I guess it's swings and roundabouts, isn't it.
I still disagree with the 'gateway drug' theory, but I see your point (as I did yours, Imotep :) ) - but no-one is forcing you to go the 'next step', surely that is down to you (?)
I think that the main issue here is proper education and research. We still don't know the long-term effects of smoking dope/grass, and there are still a great many people in positions of power that are ill-informed about the use of cannabis and other drugs in general.
I suppose that I am a bit blase, because it is readily available where I live, and so am of the mind that 'if it ain't broke, don't fix it'.
Good debate :)
Legal/illegal, crim/decrim. Both have the good aspects and bad, but like res said most importantly people need to be educated cause when it comes down to it, you make your own bed. Whether you choose to smoke, use other drugs or whatever.
Shit I am studying to be a primary school teacher and I had to sit through some fuckers lesson on how marijuana is a bad drug and it's bad for you so just don't do it. Kids don't listen to that shit and then go ok I won't.
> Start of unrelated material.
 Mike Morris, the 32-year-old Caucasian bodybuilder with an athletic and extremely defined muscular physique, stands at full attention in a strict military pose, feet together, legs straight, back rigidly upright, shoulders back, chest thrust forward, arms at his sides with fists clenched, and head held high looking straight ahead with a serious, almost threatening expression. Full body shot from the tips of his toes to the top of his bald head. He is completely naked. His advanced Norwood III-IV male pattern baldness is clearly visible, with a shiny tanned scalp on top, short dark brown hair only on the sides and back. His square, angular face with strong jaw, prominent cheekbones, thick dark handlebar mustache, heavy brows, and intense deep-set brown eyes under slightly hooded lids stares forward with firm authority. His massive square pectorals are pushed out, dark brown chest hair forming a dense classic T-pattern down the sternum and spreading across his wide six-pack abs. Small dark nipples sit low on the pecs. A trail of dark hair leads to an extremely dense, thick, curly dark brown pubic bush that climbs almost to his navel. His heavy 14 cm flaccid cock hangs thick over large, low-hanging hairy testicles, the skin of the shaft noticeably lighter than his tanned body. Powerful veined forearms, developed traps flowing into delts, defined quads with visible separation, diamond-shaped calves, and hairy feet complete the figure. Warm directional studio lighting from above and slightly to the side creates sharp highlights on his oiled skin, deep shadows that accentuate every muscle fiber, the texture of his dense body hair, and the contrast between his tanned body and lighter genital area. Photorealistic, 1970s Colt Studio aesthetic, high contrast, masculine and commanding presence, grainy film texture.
They go oh wow drugs I wonder give me some and I will find out for myself.
My mum was a counsellor, and we lived with a reggae band for a while and saw people completely fucked on drugs a lot as a child. My mum gave me some sort of scientific pamphlets to educate me a little on what drugs where and what they did to your body but never once did she say don't do them or their bad. Nothing was hidden or exagerated.
As a teenager I experimented and was able to tald to my mum about stuff. I saw many of my friends fuck up badly because of drugs and they had no one to turn to, because they felt ashamed and knew their parents would freak. To be exact three of them died, 2 suicides one on pot and the other drunk and 1 o.d on smack. One guy started on pot, moved to speed, then smack and now he's in jail.
The whole point of this long story is that the one thing most of these people had in common is that they were not given real life education just stuff out of books or out of their parents mouths. If using drugs was out in the open then society would be able to better deal with the problems that come with (such as addictions and mental disorders).
Hope this all makes sense. I just had to get it out.